Prior to the Iran crisis, the UK small and mid-cap sector appeared to be rallying. These areas took a knock from higher gilt yields, but Victoria spots signs of life returning. She says that these unloved parts of the UK market have done well during recent periods of ‘risk on’ in markets, usually when it appeared that the Iran crisis might be easing: “The market rally saw outperformance for both the quality style factor and small and mid-cap stocks.” She says that some of the quality names in their portfolio have been performing better, pointing out that 14 of the fund’s mid and small-cap holdings bounced by more than 10% in April^.

M&A continues to be a major theme. Easyjet is the latest company to attract bid attention. Jeremy Smith, manager of the CT UK Equity Income fund, says: “The UK equity market as a whole is still attractively valued relative to its own history and to international peers, despite its outperformance in 2025. We therefore expect UK companies to remain attractive targets for overseas takeover and private-equity bids.”

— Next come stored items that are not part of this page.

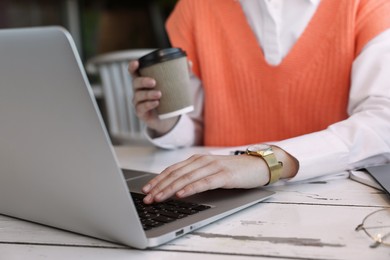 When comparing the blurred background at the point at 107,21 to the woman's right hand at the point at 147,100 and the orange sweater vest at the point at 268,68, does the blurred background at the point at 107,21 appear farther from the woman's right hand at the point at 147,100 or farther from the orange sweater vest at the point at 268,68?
the woman's right hand at the point at 147,100

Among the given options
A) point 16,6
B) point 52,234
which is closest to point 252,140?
point 52,234

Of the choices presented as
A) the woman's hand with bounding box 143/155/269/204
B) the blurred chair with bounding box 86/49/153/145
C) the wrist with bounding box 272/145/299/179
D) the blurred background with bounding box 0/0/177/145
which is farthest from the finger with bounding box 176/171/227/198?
the blurred background with bounding box 0/0/177/145

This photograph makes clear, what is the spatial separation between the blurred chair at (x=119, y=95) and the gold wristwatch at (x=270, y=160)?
1.60m

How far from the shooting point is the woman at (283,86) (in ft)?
3.09

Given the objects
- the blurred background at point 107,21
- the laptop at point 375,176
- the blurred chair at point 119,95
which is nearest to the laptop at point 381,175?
the laptop at point 375,176

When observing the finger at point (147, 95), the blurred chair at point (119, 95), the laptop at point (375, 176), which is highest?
the finger at point (147, 95)

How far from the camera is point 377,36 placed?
1101mm

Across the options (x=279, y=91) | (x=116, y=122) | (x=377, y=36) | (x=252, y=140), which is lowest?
(x=116, y=122)

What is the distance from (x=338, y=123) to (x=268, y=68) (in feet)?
1.07

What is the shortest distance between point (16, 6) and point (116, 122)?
1484 mm

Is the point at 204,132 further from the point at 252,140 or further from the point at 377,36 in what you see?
the point at 377,36

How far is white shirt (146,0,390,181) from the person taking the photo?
94 centimetres

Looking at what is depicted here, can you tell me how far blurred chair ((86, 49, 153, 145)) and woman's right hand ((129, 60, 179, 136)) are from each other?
3.74 ft

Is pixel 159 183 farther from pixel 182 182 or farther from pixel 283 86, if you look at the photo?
pixel 283 86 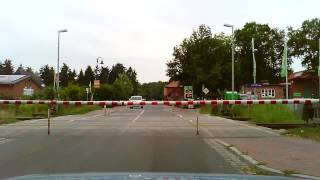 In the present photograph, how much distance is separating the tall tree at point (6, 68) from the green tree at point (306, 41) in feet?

Diversification benefits of the UK
The UK has a lot to recommend it as a diversifier to the US technology trade. Jeremy says that investors shouldn’t underestimate the “shock-absorbing qualities” of the UK market, with its “profusion of hard assets that have historically stood it in reasonable stead during bouts of global risk aversion.”
It also has dividends as a cushion. Andy Marsh, manager on the Murray Income Trust, points out that the latest earnings season saw many companies lift their dividends per share: “NatWest increased its dividends per share by 48%; Imperial Brands by 27%; 3i by 20%; Next and LSEG by 16% apiece; EasyJet by 14%; and Tesco by 13%.” This helps support the trust’s ongoing dividend growth.
A bit of patriotism in a portfolio could provide some important protection if the AI trade starts to wobble. Expectations are still at rock bottom, and the gloomy narrative may have been overplayed. It may be boring, but it could be a good place to hide if the music stops.
*Source: Morningstar, The Brexit Decade
**Source: Yahoo Finance, as at 8 June 2026
***Source: Reuters, 1 June 2026
****Source: FT Markets Data, 5 June 2026
^Source: fund review, April 2026
This article is provided for information only. The views of the author and any people quoted are their own and do not constitute financial advice. The content is not intended to be a personal recommendation to buy or sell any fund or trust, or to adopt a particular investment strategy. However, the knowledge that professional analysts have analysed a fund or trust in depth before assigning them a rating can be a valuable additional filter for anyone looking to make their own decisions.
Past performance is not a reliable guide to future returns. Market and exchange-rate movements may cause the value of investments to go down as well as up. Yields will fluctuate and so income from investments is variable and not guaranteed. You may not get back the amount originally invested. Tax treatment depends of your individual circumstances and may be subject to change in the future. If you are unsure about the suitability of any investment you should seek professional advice.